Task brief:
In the records below, the lines between the one holding "Management des systèmes d'information" and the one holding "Low-poly Rhamphorhynchus idle 3d model", inclusive, are to be transcribed exactly; no pictures are to be included.

*** Entries supplied Section Begins ***

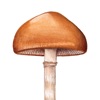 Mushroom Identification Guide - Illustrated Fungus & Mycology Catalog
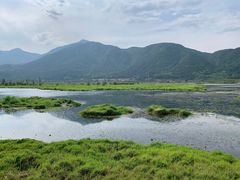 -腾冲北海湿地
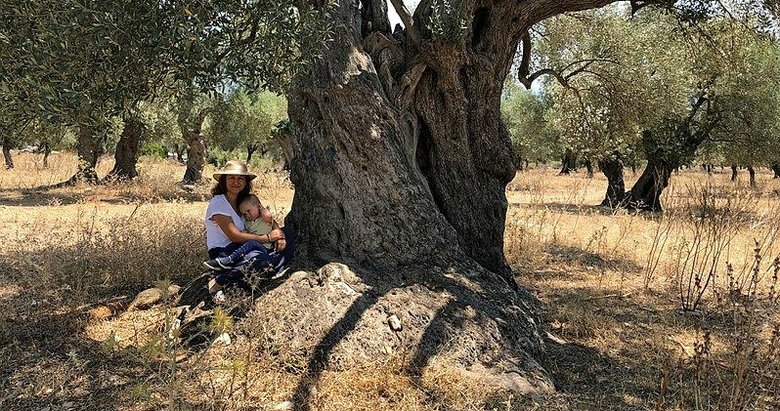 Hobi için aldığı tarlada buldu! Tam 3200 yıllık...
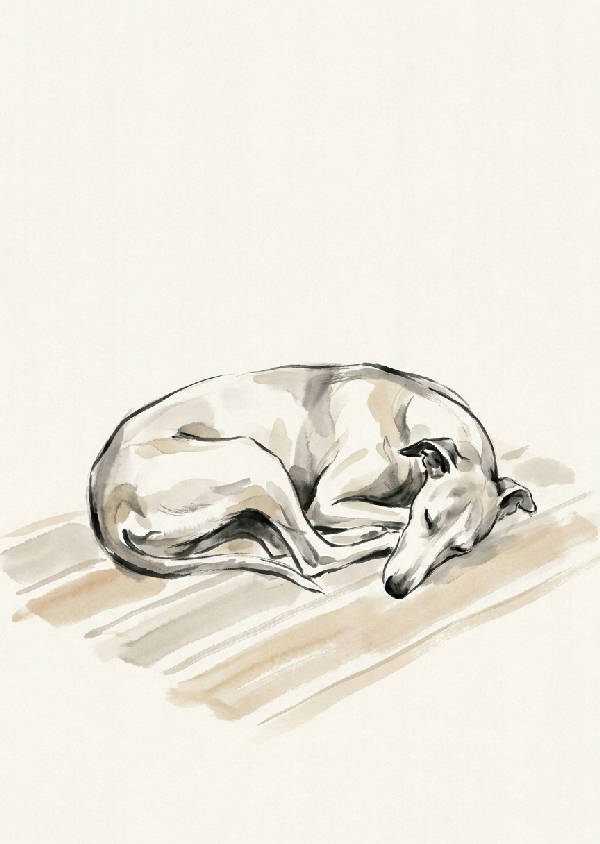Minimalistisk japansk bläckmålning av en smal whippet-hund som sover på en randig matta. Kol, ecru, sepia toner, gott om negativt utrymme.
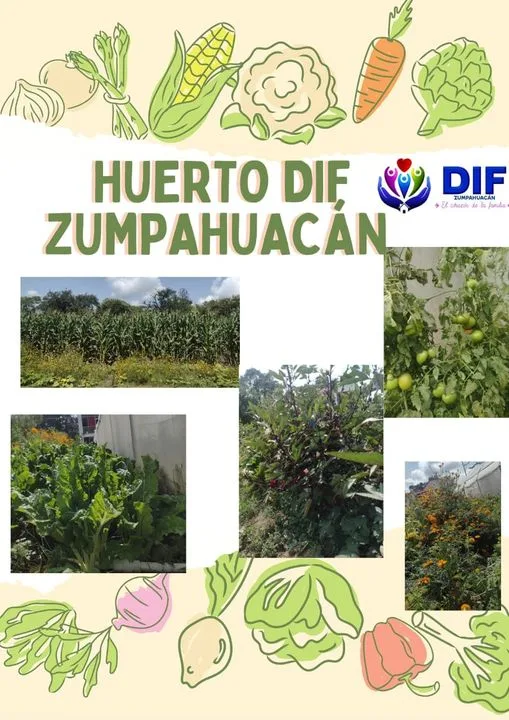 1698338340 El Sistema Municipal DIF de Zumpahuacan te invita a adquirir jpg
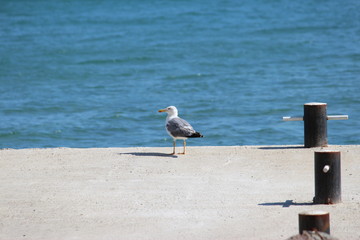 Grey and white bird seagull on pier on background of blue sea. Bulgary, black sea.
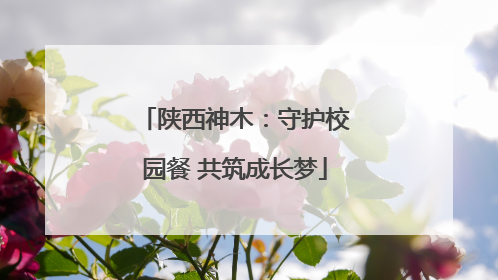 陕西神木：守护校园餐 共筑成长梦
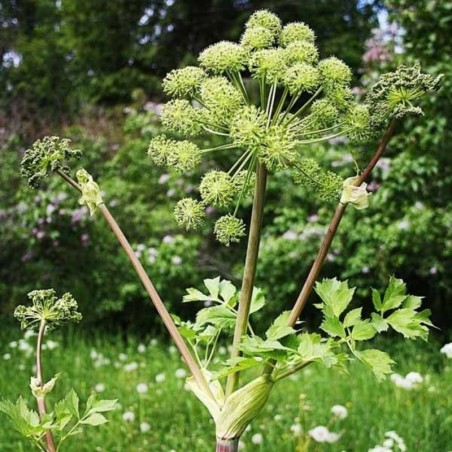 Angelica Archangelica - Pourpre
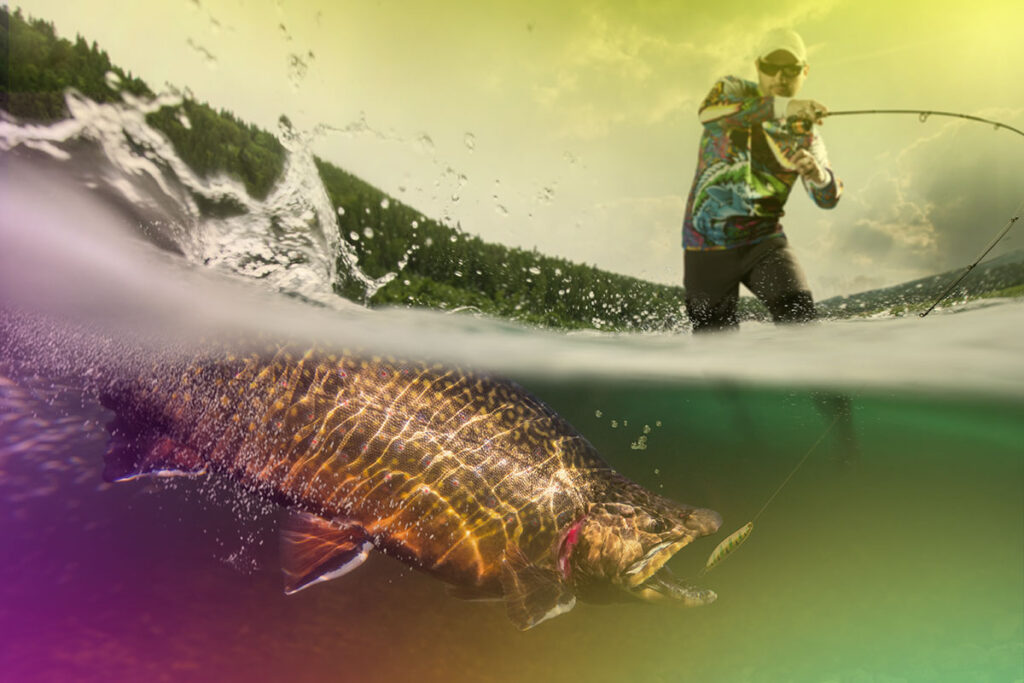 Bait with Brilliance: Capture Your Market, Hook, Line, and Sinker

*** Entries supplied Section Ends ***
*** Entries supplied Section Begins ***

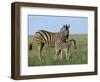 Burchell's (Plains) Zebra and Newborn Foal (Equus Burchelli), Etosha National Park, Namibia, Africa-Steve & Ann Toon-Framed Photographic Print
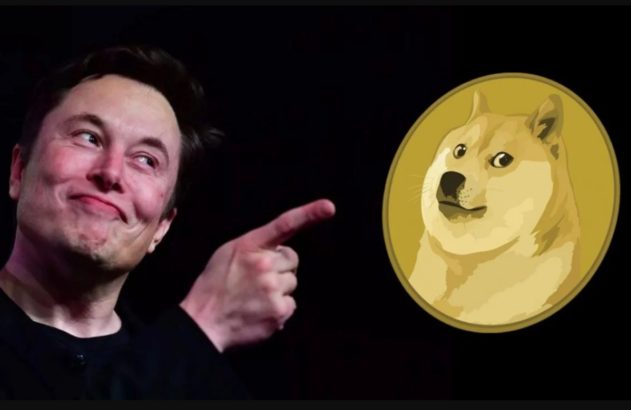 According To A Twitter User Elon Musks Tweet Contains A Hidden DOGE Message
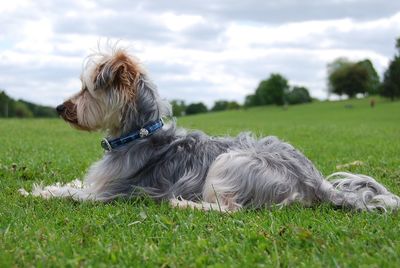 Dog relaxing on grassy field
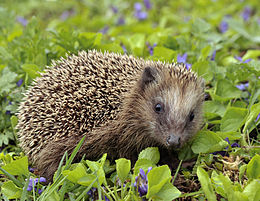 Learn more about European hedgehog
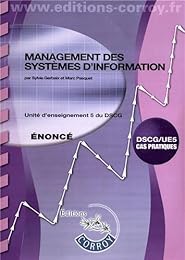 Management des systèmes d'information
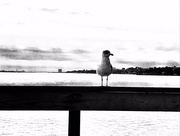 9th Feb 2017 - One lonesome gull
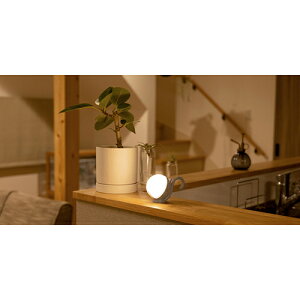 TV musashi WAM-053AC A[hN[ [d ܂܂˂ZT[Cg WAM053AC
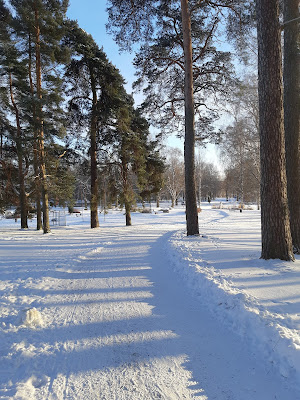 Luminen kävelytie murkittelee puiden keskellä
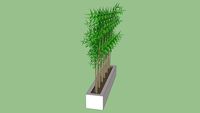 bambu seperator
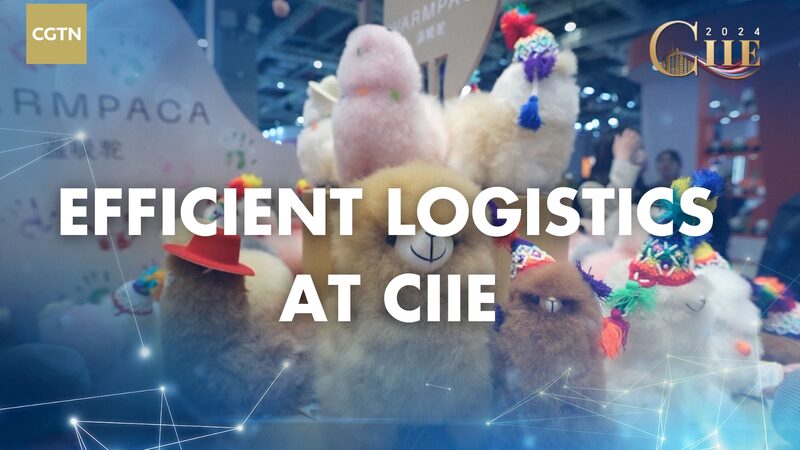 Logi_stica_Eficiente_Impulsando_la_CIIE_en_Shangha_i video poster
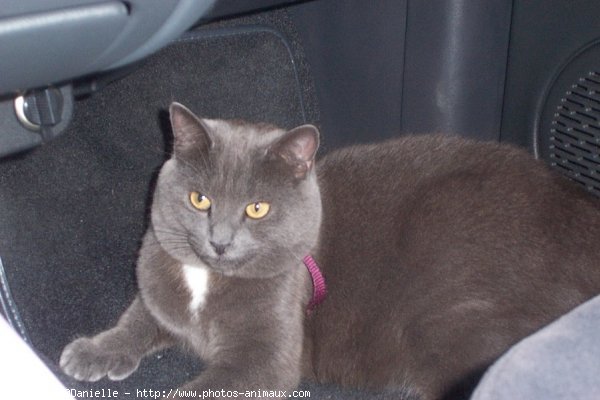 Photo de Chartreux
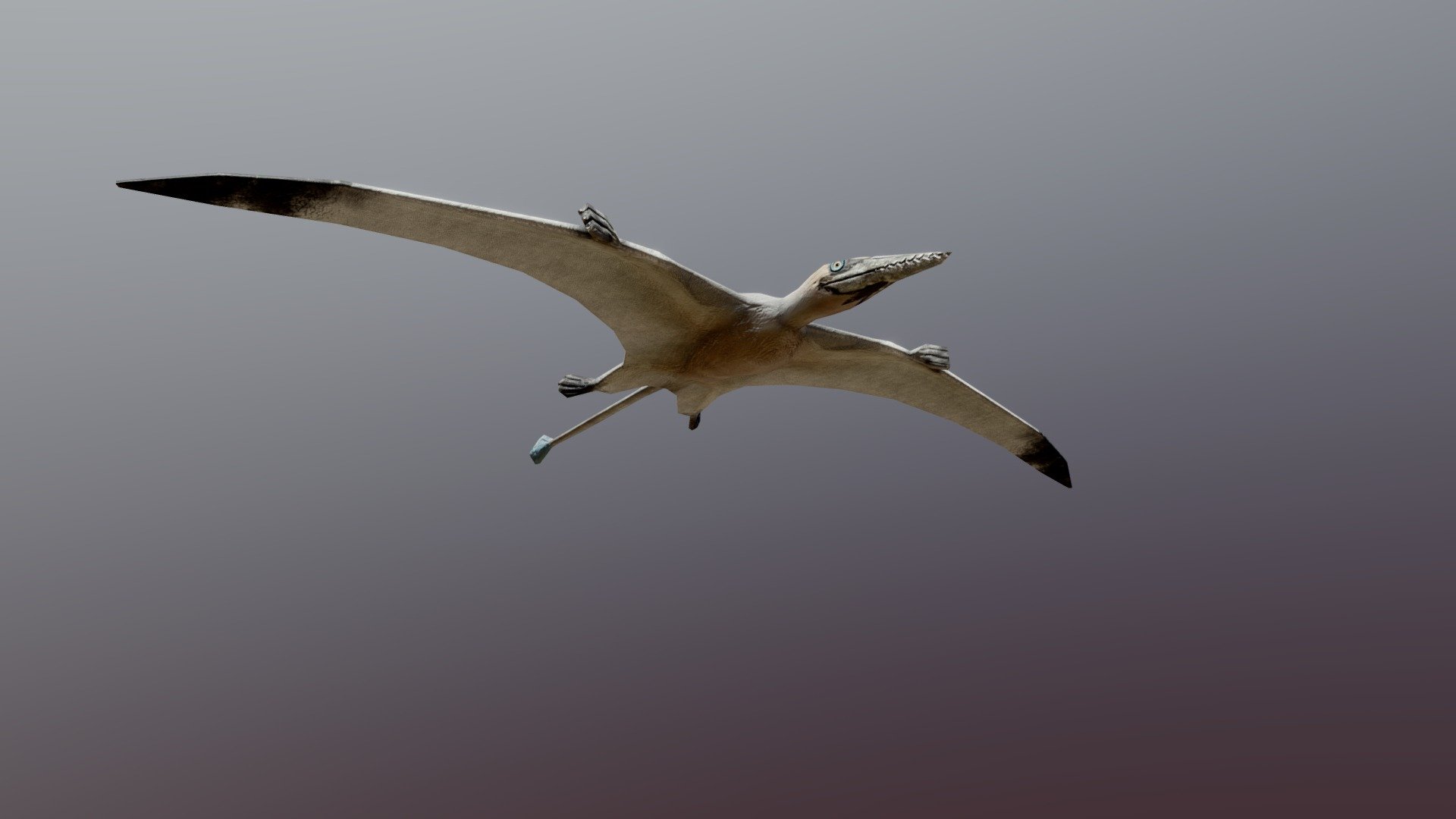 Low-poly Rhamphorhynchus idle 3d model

*** Entries supplied Section Ends ***
*** Entries supplied Section Begins ***

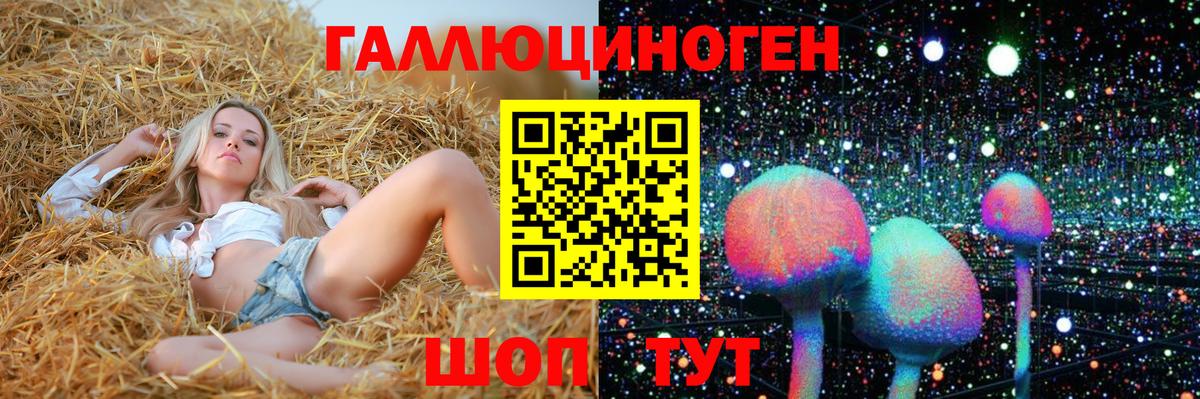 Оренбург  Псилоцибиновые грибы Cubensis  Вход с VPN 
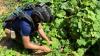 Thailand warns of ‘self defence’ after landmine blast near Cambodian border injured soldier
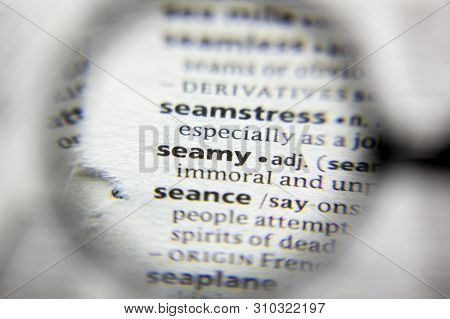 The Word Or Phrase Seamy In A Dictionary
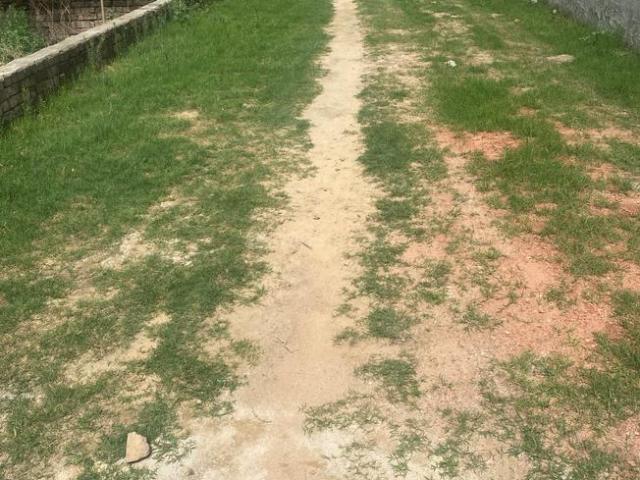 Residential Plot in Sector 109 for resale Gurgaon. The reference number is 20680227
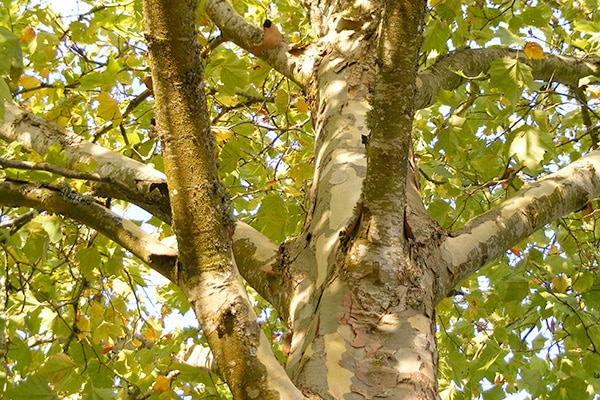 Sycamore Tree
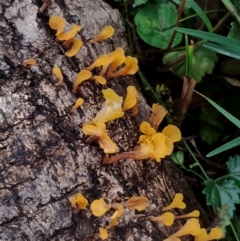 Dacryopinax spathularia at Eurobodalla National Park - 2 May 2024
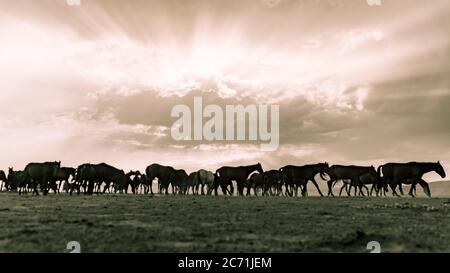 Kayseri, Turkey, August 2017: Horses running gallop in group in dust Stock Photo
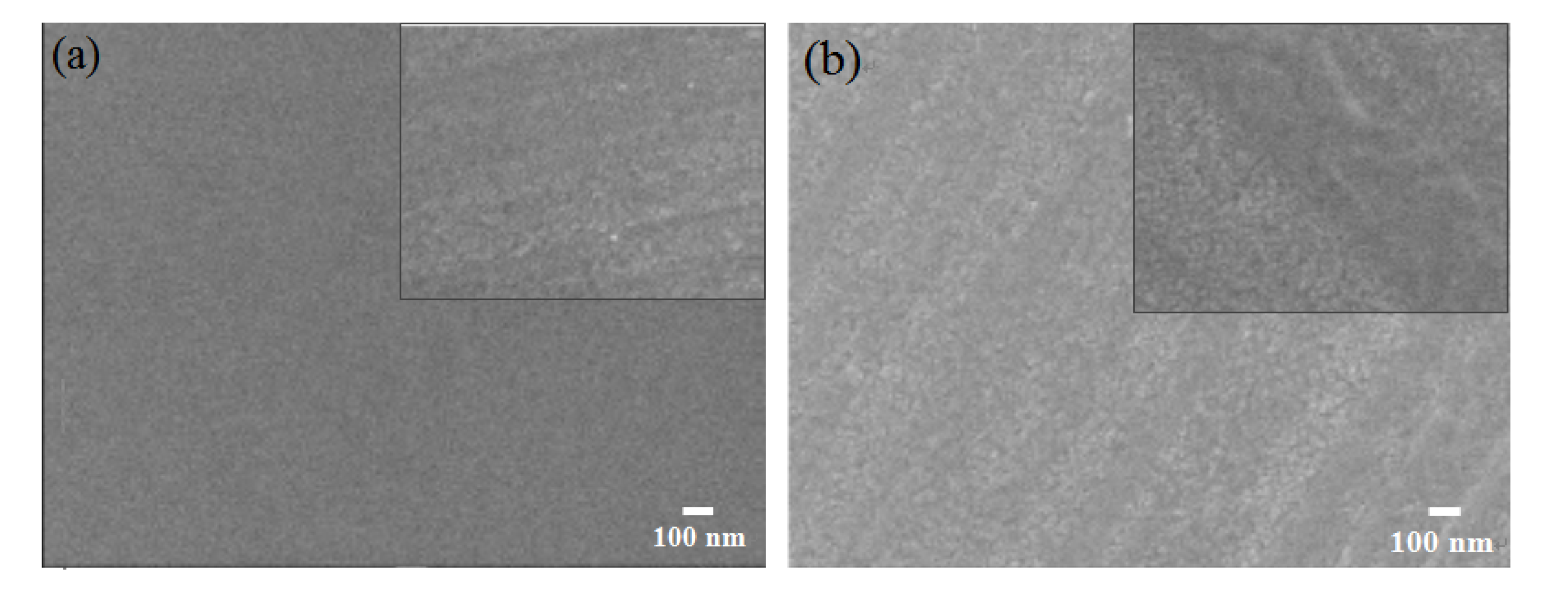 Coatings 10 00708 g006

*** Entries supplied Section Ends ***

Solution:
 Management des systèmes d'information
 9th Feb 2017 - One lonesome gull
 TV musashi WAM-053AC A[hN[ [d ܂܂˂ZT[Cg WAM053AC
 Luminen kävelytie murkittelee puiden keskellä
 bambu seperator
 Logi_stica_Eficiente_Impulsando_la_CIIE_en_Shangha_i video poster
 Photo de Chartreux
 Low-poly Rhamphorhynchus idle 3d model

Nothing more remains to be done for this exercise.